Looking three to five years ahead, what do you think the market is most likely to get wrong about AI?

The nuance.

There are strong opinions on every major AI question. Will AI destroy jobs or create them? Will software companies be disrupted or strengthened? Will the technology ultimately benefit society or harm it?

My suspicion is that when we look back in five years, the arguments on both sides of many of these debates will prove partially correct.

Take labor. Some people believe AI will be deeply disruptive and lead to meaningful job displacement. Others believe it will increase productivity and create entirely new categories of work. I think both outcomes are likely to occur depending on the industry.

The same applies to software. There will probably be software companies that are significantly more valuable five years from now because they successfully adapted to this new world. There will also likely be software companies that don't survive.

The biggest mistake investors can make is treating these "AI-related" questions as binary. The reality is likely to be far more complex.

Will AI ultimately create jobs or destroy them?

History gives me reason to be optimistic.
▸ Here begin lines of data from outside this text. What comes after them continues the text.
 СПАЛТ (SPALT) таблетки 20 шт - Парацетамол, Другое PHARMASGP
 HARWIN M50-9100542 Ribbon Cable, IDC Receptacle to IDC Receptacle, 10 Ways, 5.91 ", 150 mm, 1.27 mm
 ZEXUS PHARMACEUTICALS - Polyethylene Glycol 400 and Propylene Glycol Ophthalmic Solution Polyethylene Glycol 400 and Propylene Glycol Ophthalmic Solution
If you go back more than a century, the average worker spent far more time working than they do today. In the early twentieth century, six-day work weeks were common. Over time, technological progress improved productivity and increased living standards.

That doesn't mean every transition was painless. There were disruptions and dislocations along the way.
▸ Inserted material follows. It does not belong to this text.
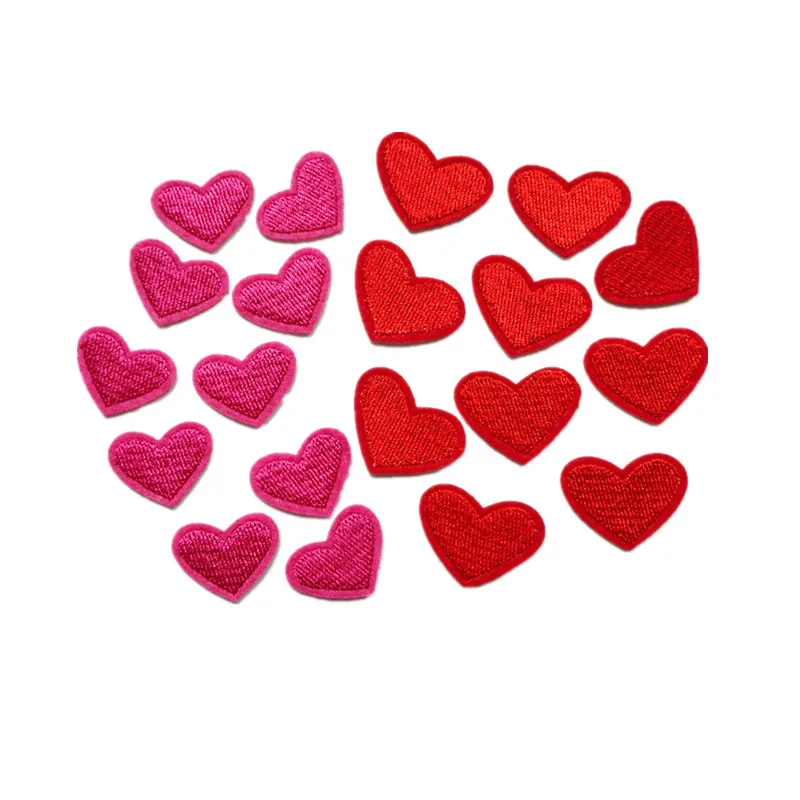 10PCS Embroidered Patches Red Pink Hearts Sew Iron On Embroidery Badges For Bag Jeans Hat T Shirt DIY Appliques Craft Decoration
10PCS Embroidered Patches Red Pink Hearts Sew Iron On Embroidery Badges For Bag Jeans Hat T Shirt DIY Appliques Craft Decoration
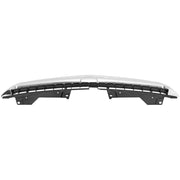 DURAFORCE Grille Assembly For 07-10 Chevrolet Silverado 2500 HD Chrome Frame Black Insert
I think AI will likely follow a similar pattern. Some jobs will change dramatically. Some tasks will be automated. Entirely new professions will emerge. In many industries, lower costs could expand demand and create opportunities that don't exist today.

At the same time, demographics matter. Populations are aging, labor markets are tightening in many regions and businesses increasingly need productivity improvements.
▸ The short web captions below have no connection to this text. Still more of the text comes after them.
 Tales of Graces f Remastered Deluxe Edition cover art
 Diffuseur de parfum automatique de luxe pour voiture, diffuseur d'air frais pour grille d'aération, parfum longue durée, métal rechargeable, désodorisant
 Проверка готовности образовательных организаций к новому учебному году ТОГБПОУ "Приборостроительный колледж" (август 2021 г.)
So while there will undoubtedly be winners and losers, I remain optimistic about the long-term impact.

How is Apollo evaluating which sectors are most exposed to AI disruption?

One of the first projects we undertook at ATI was developing a framework to evaluate disruption risk across the software ecosystem.

We broke the industry into a series of sub-sectors and assessed which workflows were most susceptible to automation by large language models. We then layered in other considerations, including switching costs, regulatory barriers, proprietary data, network effects and the cost of failure.

For example, if software serves as a critical system of record, or if errors carry significant consequences, replacement is less likely. If software is built on top of unique data sets or enjoys strong network effects, those factors can provide meaningful protection.

The framework isn't static because the technology itself is so dynamic. The capabilities are evolving constantly. As investors, we have to keep updating our assumptions.

Diagram mapping software sub-sectors from higher to lower AI disruption risk, with DevOps and RPA at highest risk and ERPs and Security Software at lowest. Source: Apollo Analysis, July 2025.
What separates the companies that will thrive in an AI-driven world from those that won't?

Increasingly, I think management quality matters.

This is arguably the most significant platform shift the software industry has ever experienced. Regardless of where a company sits today, leadership teams need to recognize that the environment is changing rapidly.

We're spending a lot of time assessing whether management teams are acting with sufficient urgency. Are they investing appropriately? Are they adapting their products? Do they have a clear vision for how their business evolves in an AI-driven world?

Those are admittedly softer factors, but I think they will become more important over time.

The status quo is unlikely to be enough. The companies that succeed will be the ones that adapt.